Crawled caption data
▼
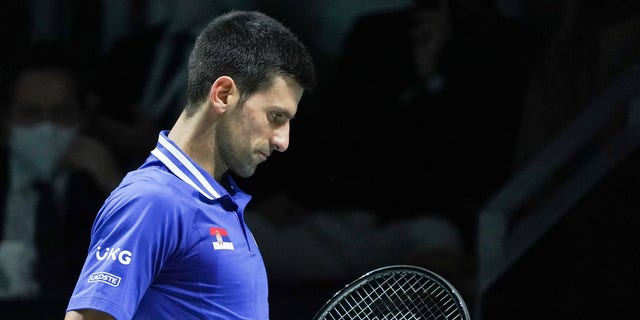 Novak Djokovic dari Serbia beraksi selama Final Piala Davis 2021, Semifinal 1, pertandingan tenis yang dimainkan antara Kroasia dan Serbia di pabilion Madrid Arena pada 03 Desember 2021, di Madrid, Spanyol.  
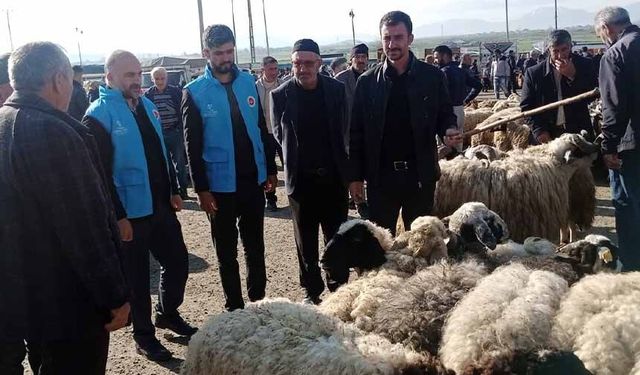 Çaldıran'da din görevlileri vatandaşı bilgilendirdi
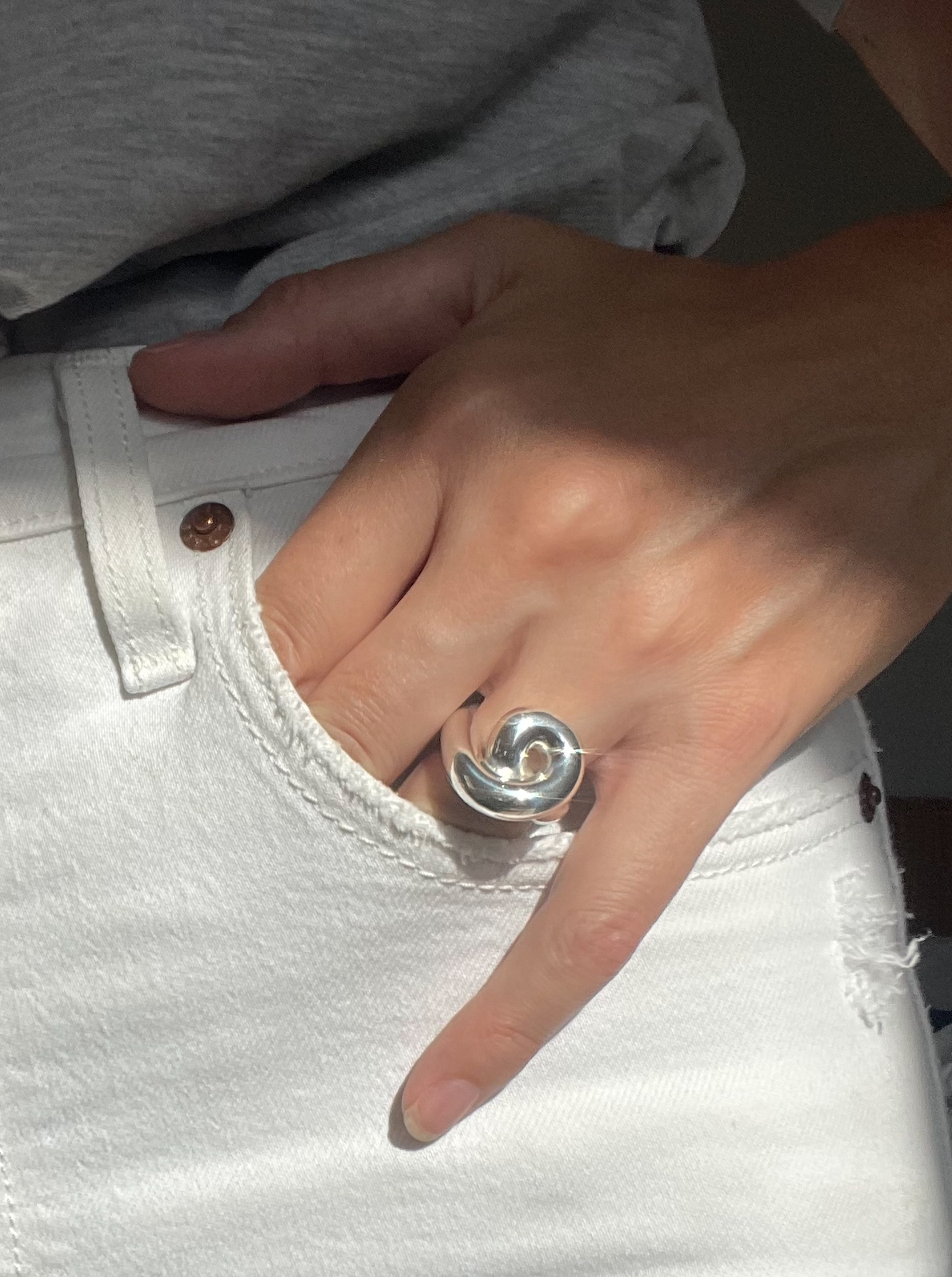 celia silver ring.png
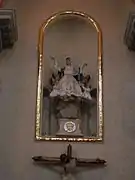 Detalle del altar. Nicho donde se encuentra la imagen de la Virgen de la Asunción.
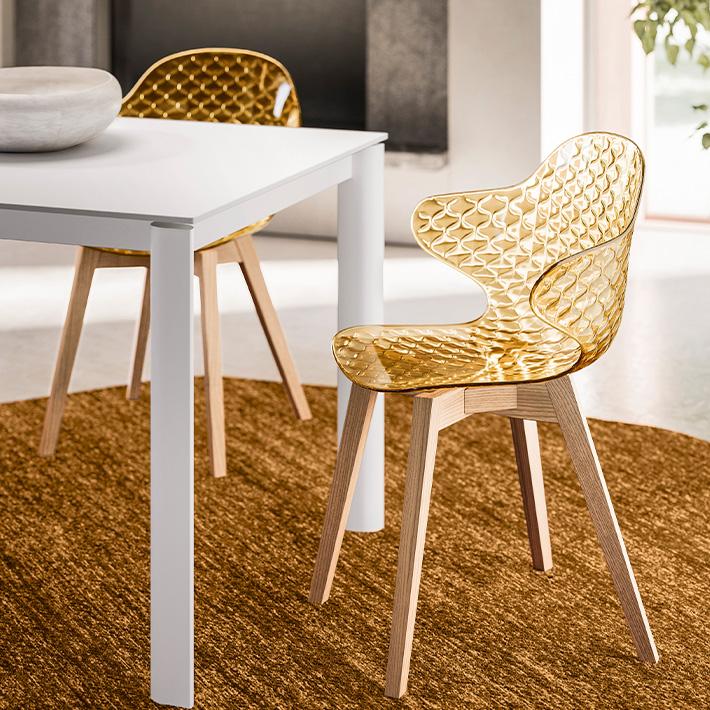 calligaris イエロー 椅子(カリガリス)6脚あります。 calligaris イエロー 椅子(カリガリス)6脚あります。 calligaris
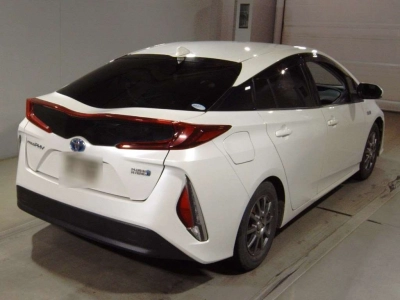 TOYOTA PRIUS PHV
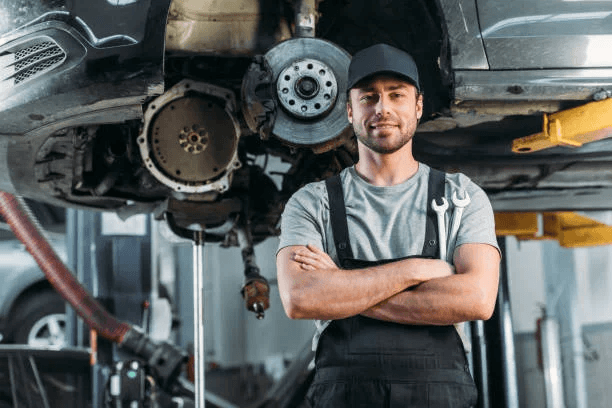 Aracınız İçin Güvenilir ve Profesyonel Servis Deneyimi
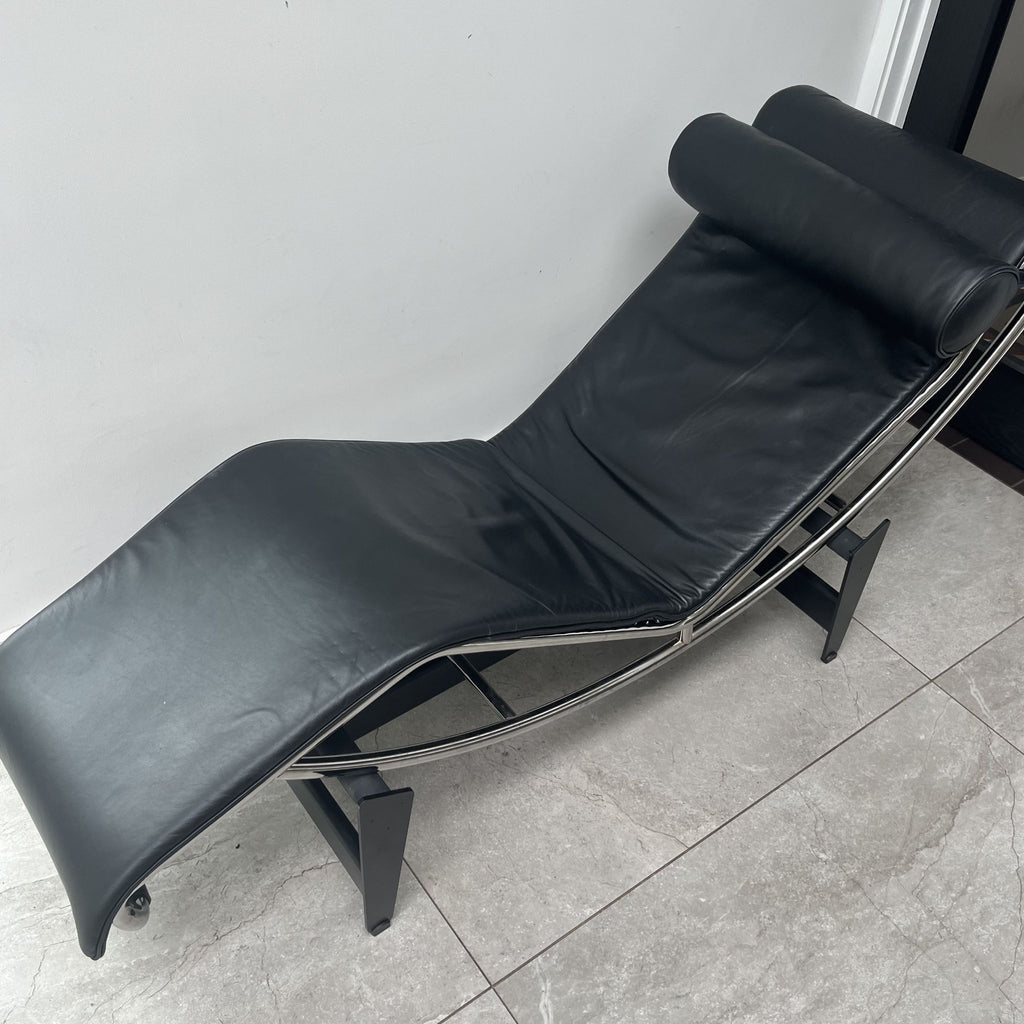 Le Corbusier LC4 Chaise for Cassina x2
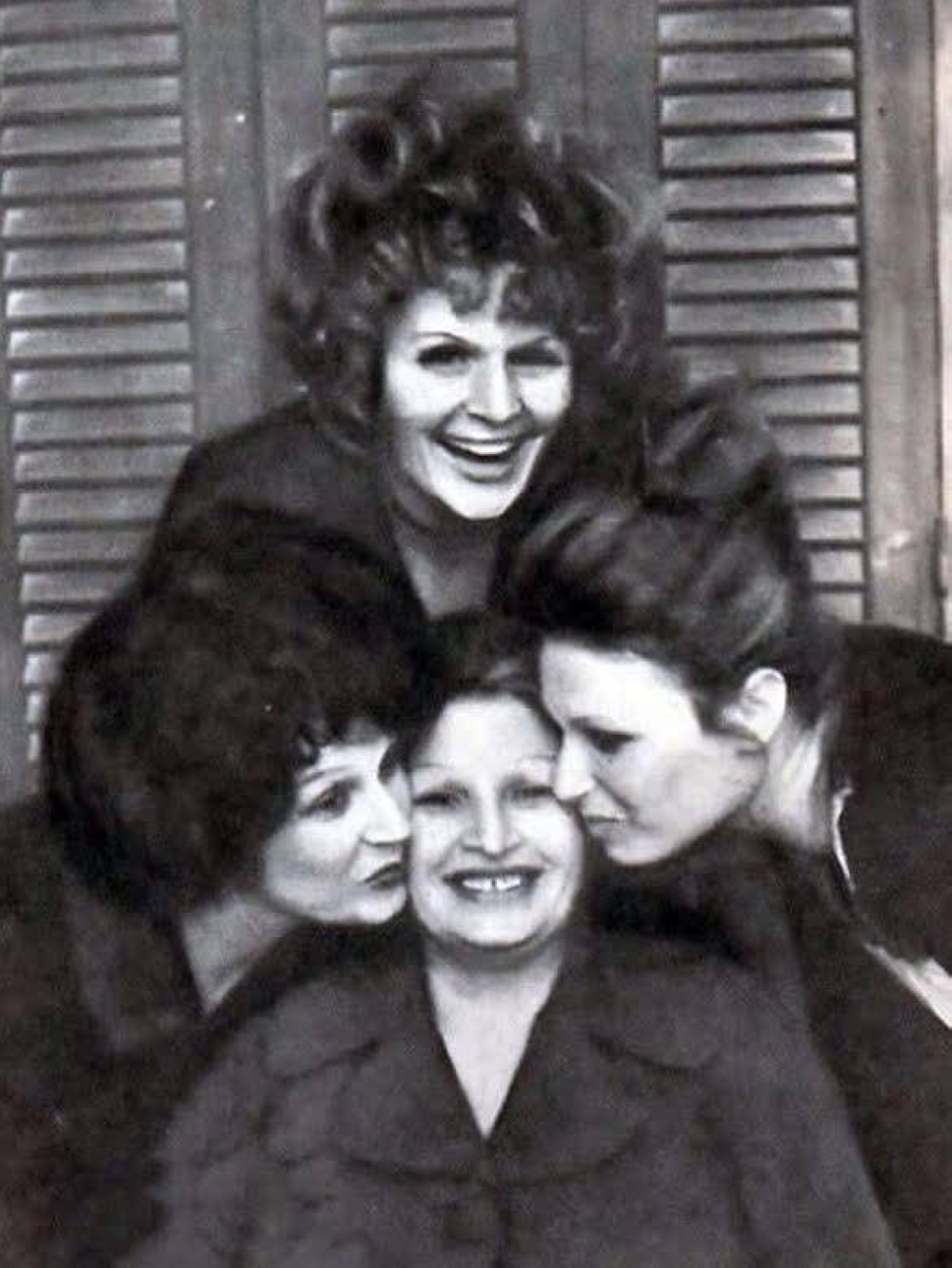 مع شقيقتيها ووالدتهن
▲
Work task = Begin at the first line of the records. Print every line through the one containing "calligaris イエロー 椅子(カリガリス)6脚あります。 calligaris" exactly, but skip the pictures.

Written answer =
 Novak Djokovic dari Serbia beraksi selama Final Piala Davis 2021, Semifinal 1, pertandingan tenis yang dimainkan antara Kroasia dan Serbia di pabilion Madrid Arena pada 03 Desember 2021, di Madrid, Spanyol.  
 Çaldıran'da din görevlileri vatandaşı bilgilendirdi
 celia silver ring.png
 Detalle del altar. Nicho donde se encuentra la imagen de la Virgen de la Asunción.
 calligaris イエロー 椅子(カリガリス)6脚あります。 calligaris イエロー 椅子(カリガリス)6脚あります。 calligaris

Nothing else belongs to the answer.